UPDATE: Just in case IBM moves or withdraws the referenced white paper, I have saved a copy of it here on my blog site.

With a title like that, I figured this paper would be the long-waited IBM response to my previous Flashdance post, even though it was probably at least in draft weeks before I started my post.

I wasn't to be disappointed.
 

I take that back

In fact, I was INCREDIBLY disappointed by this paper. Coming from a supposed technical powerhouse with vertical integration from storage to server to implementation services (and the stranglehold that means they hold over customers), I had expected that IBM would deliver to us a well thought out explanation about how they would be helping to accelerate and leverage this new technology across all dimensions of their products to improve performance, reduce costs, and deliver innovative solutions.
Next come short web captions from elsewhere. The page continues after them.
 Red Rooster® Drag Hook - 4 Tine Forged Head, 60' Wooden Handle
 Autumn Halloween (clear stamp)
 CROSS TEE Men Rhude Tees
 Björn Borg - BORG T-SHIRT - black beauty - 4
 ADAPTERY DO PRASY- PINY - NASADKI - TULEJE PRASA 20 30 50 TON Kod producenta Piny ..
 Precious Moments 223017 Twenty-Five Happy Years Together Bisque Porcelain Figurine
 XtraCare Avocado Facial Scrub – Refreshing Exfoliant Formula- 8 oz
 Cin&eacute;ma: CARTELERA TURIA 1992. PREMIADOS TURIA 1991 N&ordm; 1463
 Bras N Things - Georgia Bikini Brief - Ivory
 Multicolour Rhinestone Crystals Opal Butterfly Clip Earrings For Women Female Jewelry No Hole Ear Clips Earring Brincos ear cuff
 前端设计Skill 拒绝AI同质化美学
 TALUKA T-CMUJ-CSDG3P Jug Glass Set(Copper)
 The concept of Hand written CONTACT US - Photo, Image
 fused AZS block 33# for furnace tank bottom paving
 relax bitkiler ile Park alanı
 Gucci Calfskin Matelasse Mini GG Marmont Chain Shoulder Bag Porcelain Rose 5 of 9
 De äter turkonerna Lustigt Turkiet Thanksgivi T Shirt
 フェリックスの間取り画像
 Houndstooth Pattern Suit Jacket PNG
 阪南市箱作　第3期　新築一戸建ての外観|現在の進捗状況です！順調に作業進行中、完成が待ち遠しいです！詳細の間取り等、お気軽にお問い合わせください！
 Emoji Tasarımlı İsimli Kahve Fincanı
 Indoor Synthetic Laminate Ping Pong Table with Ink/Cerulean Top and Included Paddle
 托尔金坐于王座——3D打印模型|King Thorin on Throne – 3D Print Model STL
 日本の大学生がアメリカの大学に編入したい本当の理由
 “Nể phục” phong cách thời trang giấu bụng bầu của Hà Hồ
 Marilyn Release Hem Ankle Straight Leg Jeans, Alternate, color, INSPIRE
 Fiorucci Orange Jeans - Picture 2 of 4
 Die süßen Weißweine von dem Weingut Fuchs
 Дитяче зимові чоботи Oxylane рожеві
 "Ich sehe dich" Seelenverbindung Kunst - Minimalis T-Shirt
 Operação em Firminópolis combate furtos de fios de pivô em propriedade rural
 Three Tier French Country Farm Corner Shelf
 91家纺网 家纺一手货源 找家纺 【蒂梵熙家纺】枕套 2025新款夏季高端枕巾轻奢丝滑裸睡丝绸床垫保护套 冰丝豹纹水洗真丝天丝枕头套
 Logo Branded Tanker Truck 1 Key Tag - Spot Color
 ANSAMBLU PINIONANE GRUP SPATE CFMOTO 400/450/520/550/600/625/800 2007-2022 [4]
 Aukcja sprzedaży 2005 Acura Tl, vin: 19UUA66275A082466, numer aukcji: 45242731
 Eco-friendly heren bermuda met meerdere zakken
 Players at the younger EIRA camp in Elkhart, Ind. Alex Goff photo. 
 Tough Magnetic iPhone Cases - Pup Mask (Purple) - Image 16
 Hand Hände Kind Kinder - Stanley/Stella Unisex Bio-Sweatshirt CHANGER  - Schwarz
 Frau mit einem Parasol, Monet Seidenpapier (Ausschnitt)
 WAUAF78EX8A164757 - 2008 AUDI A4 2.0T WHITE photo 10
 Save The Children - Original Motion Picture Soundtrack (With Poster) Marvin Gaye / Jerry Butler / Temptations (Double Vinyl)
What we have been given instead is a paper full of excuses, misrepresentations of the technology, outright inaccuracies and banal promises of something better still to come. Heck, where most competitor's have squatted down on one of the three "excuses" that Chuck Hollis and I both predicted over the past year, IBM has instead decided to invoke all three:

  1. The technology isn't ready for the enterprise yet
  2. There aren't any valid use cases
  3. We're working on something even better, just wait

And though I'm sure that BarryW will spring to the defense of this paper, there is no denying that the authors are not in sync with the realities of flash. In fact, the IBM white paper contradicts SNIA's Solid State Storage Initiative's SSD white paper (Solid State Storage 101 – An introduction to Solid State Storage). Which is peculiar, since the chairperson of the SSSI is in fact an IBM employee (Phillip Mills). Phil didn't write the paper, and I have no clue whether he reviewed it, so I'm not throwing him under the bus. But I'd like to think that IBM would try to keep the Left Hand and the Right Hand working together toward the same objectives.

but what’s the objective?

Usually ‘white papers’ are written for one of two reasons. Most frequently the intent is to inform and educate readers as to a specific differentiating feature, product or technology. Less often, vendors use ‘white papers’ as a means of explaining why their products aren’t yet supporting some new technology. This form of paper is usually written in the form of educational prose to camouflage the real message: you can’t get this technology from us yet.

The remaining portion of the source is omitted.